If the ball is spinning away from you, the ball is much more likely to float. This is a tricky one for beginners because your opponent has probably hit a forehand or backhand slice. The ball may have a side spin or skid when it touches the ground. You will need to move back or stay where you are to ensure that you hit the ball at the best angle. It is also very important to stay low to hit the skidding ball.
It is essential that you keep an eye on the spin of the ball to determine where it will land and which direction it will bounce in, and you can gauge the direction and hang time by watching the way your opponent hits it.
Mistake 2: Poor Timing
Poor timing for tennis beginners means that they swing either too early or too late, and the ball ends up striking the racket at a strange angle or flying past the racket altogether. If you find your timing is off, you may want to work on your footwork. Your footwork is an important part of your timing, as it gets your body moving in the right direction as soon as your opponent hits the ball.

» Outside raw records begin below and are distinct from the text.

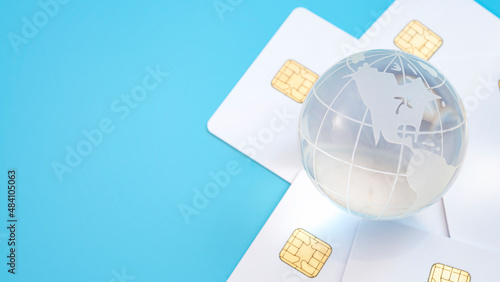 Buy now pay later  BNPL consumerism and global credit concept with transparent glass globe on credit cards isolated on blue background and copy space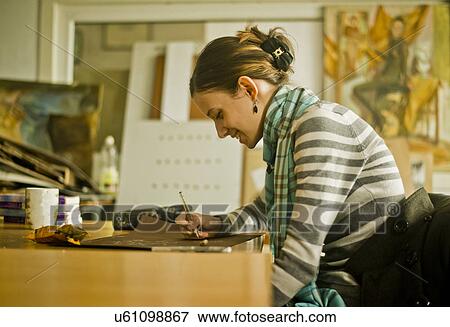 Stock Photo - Young woman drawing picture. Fotosearch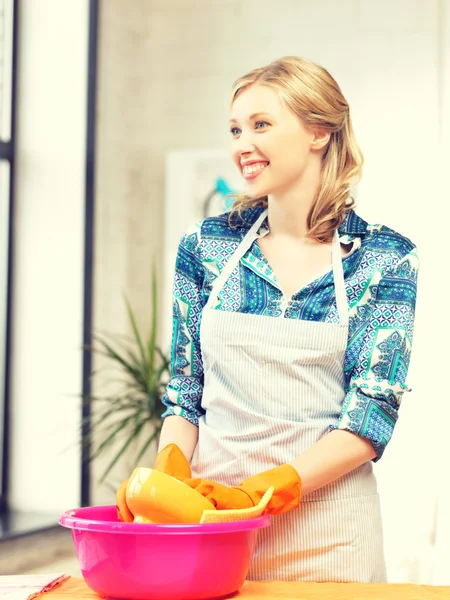 Housewife washing dish at the kitchen — Stock Photo, Image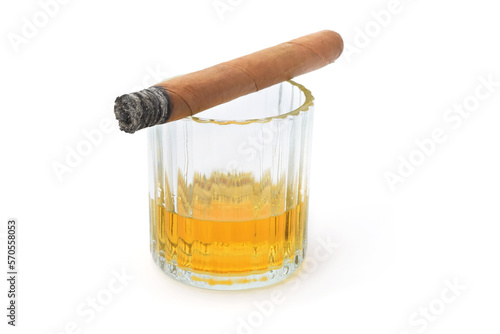 Whisky glass and tobacco cigar burned with ash isolated on white
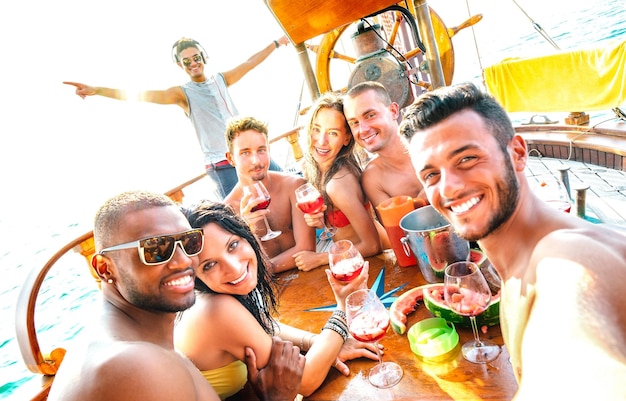 Grupo de amigos milenares multiculturais tomando selfie torcendo na festa do barco a vela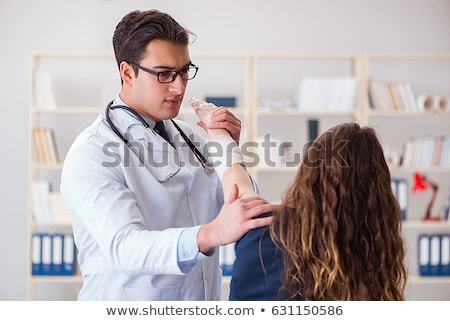 Stock fotó: Female Patient At Orthopedic Doctor Medical Exam For Wrist Injur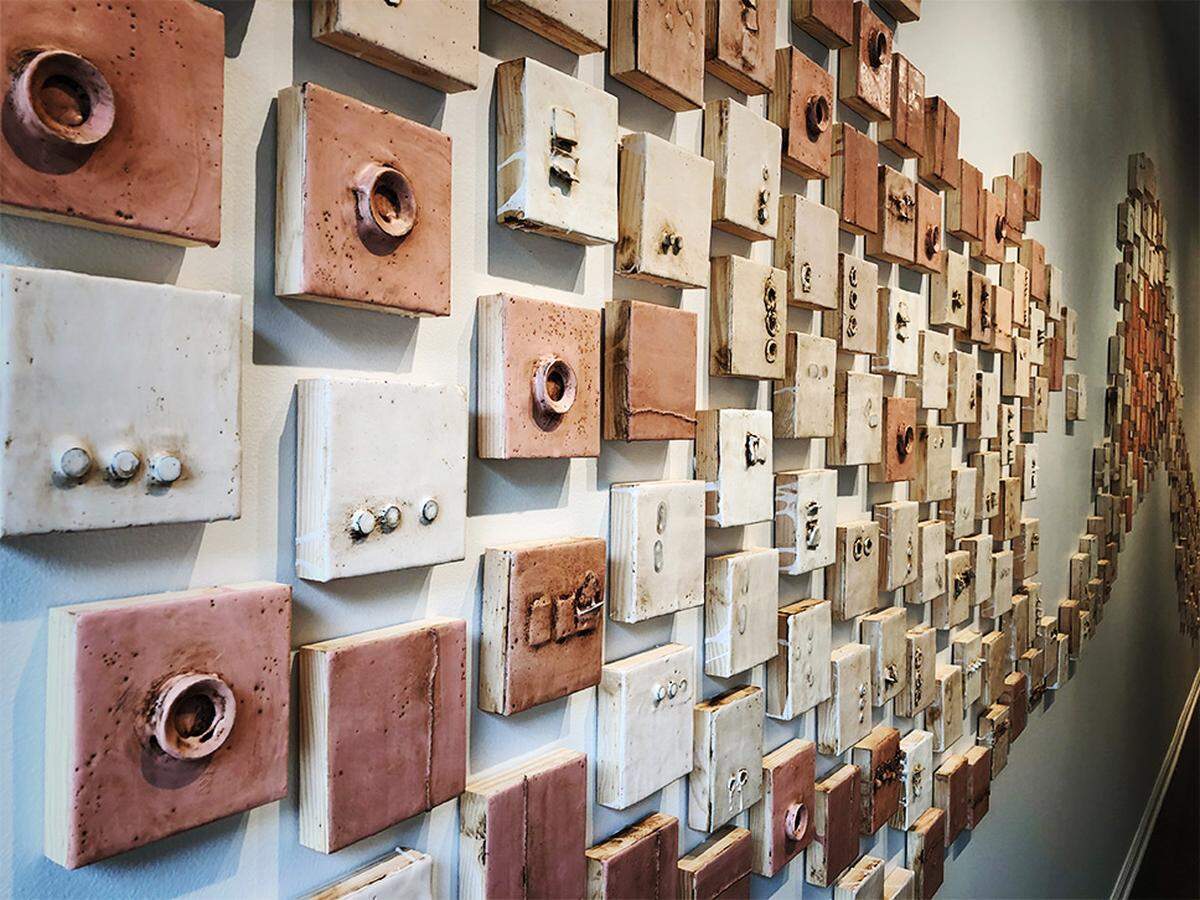 Artist Patricia Baldwin Seggebruch worked on 3,000 4-inch by 4-inch panels on display at New Editions Gallery.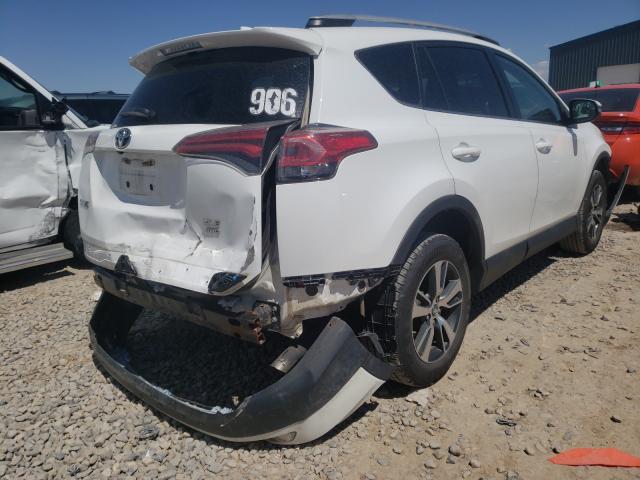 Photo 4 from auction – 2016 TOYOTA RAV4 XLE with VIN 2T3RFREV4GW487076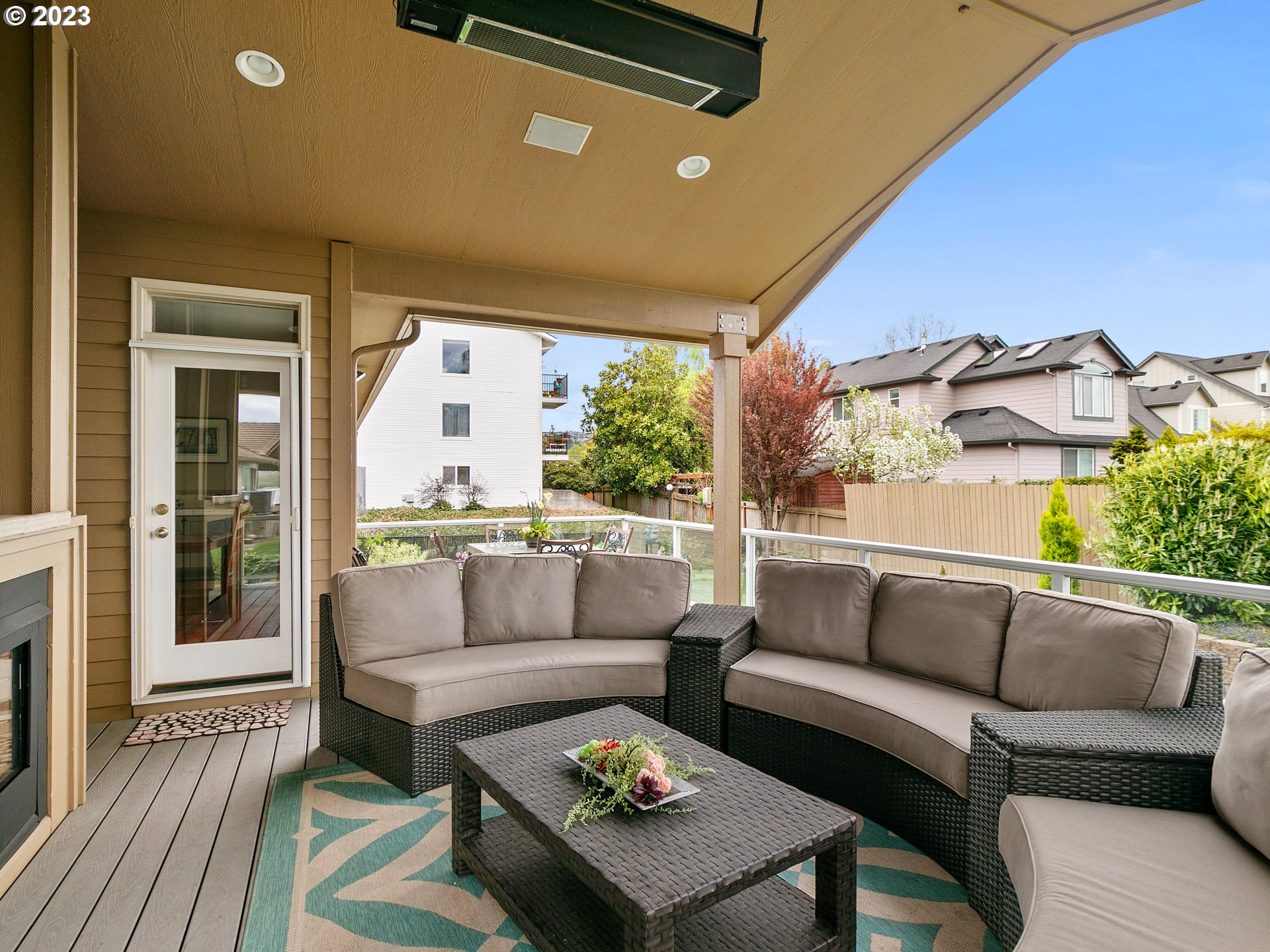 1156 Southeast Polk Street Camas, WA 98607 - Photo 26 of 34 a balcony with furniture and a fireplace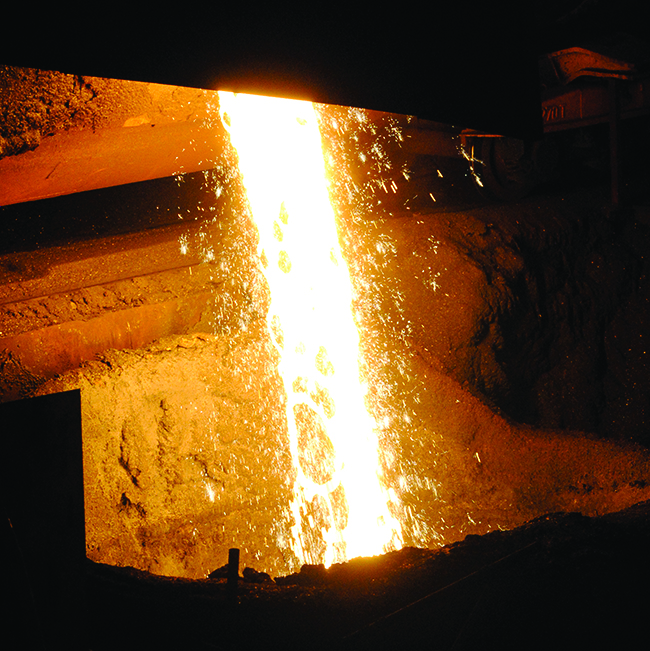 This figure shows a photo of molten iron. A bright yellow-orange glow appears just left of center in the figure. Smoke appears to be rising toward the top center of the figure. Just below and to the right, sparks appear to be falling.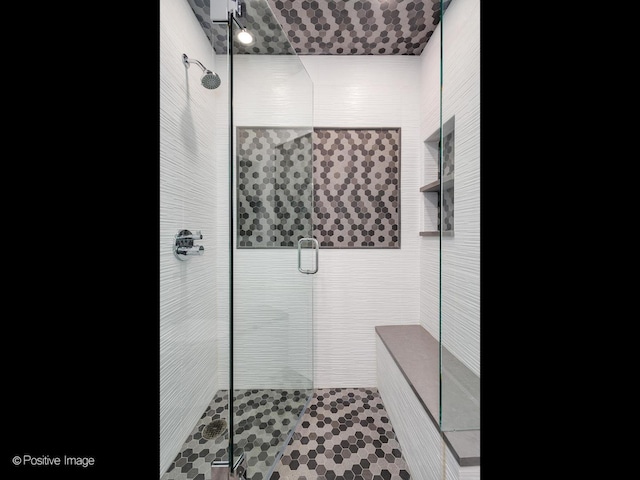 bathroom with a shower with shower door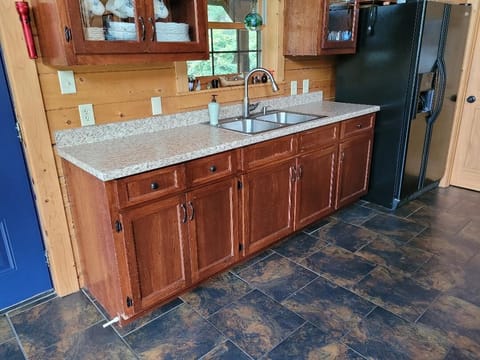 Full kitchen with ample dishes and cookware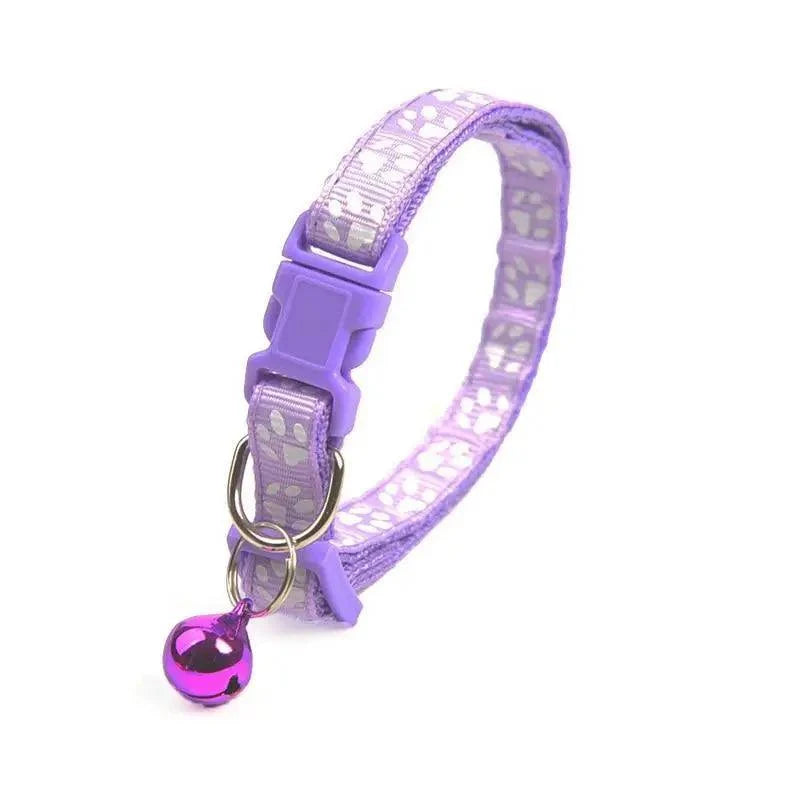 Stevvex purple nylon adjustable pet collar with paw print pattern and purple bell on metal ring on Tampa Home & Garden Store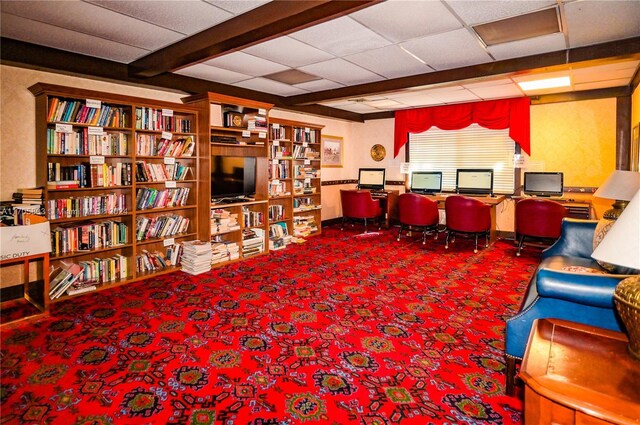 sitting room featuring carpet and a drop ceiling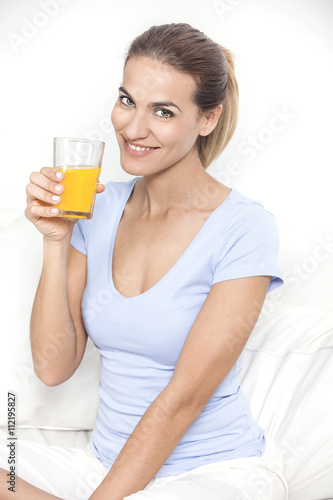 Young beautiful smiling woman with glass of orange juice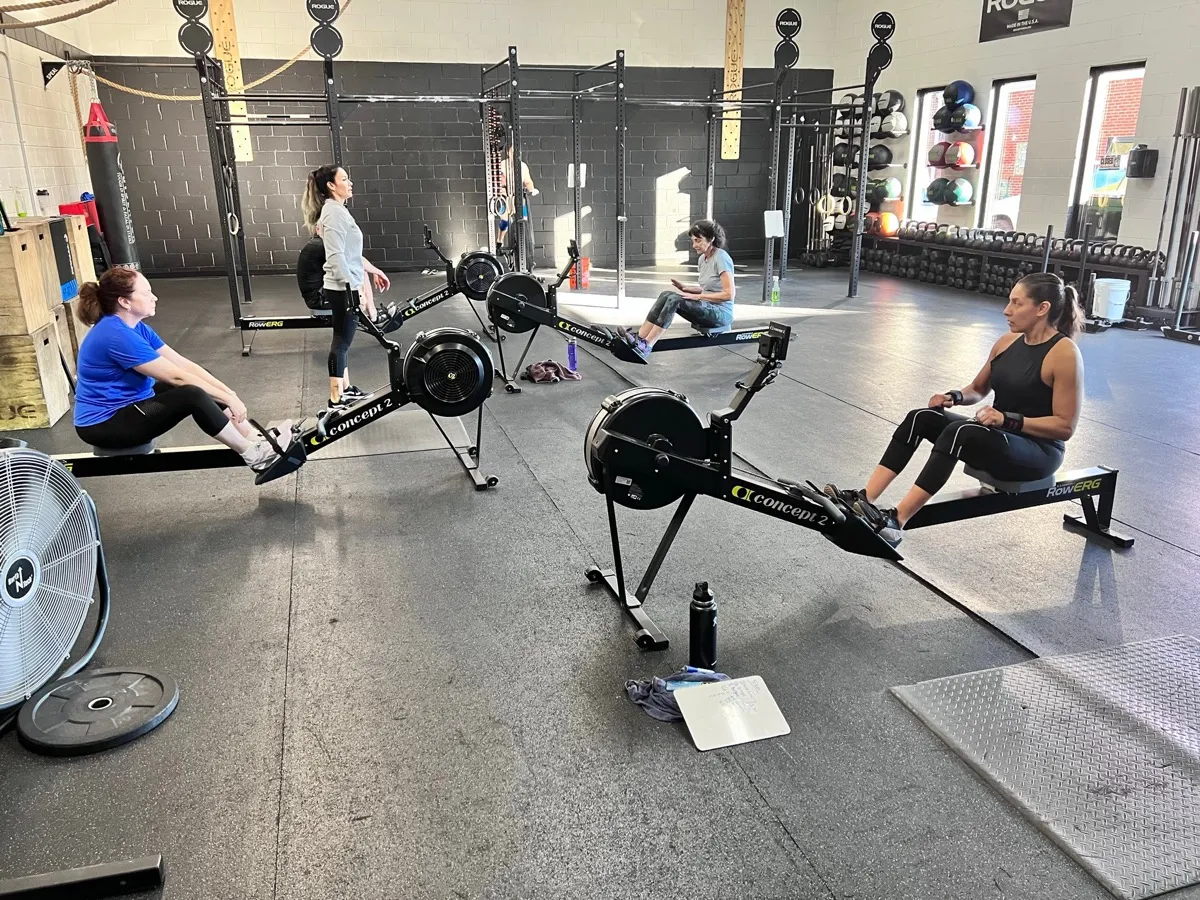 Members rowing during a class at Moonshot CrossFit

If you want to improve your timing, it is wise to do a split step when your opponent strikes the ball. This starts your body moving, and will help you to be light on your feet. You will find that this little hop, however silly it may look, will help you to get to the ball in time to send it back. You will also need to work on your hand to eye coordination, as that is what is causing you to wind up for the shot too early or too late. Remember that all of the timing and coordination takes lots of practice, so don’t get discouraged if you don’t get it right away.
Mistake 3: Poor Technique
Most tennis beginners don’t hold their racket properly, and you may find that your will slip as you swing and miss the ball altogether if you don’t have the proper grip. On the flip side, if you are holding your racket correctly, you will find it much easier to swing and hit the ball every time. If you are winding up at the right time and gauging the distances correctly, you should consider your technique to be flawed. Work with a tennis coach to help you improve your tennis technique and overcome your poor form. The only way to get rid of your bad form as tennis beginners is to learn from the expert because he or she knows how to improve your technique gradually and progressively. With more practices and playing experience, I am sure you will be able to consistently hit the balls and play better tennis.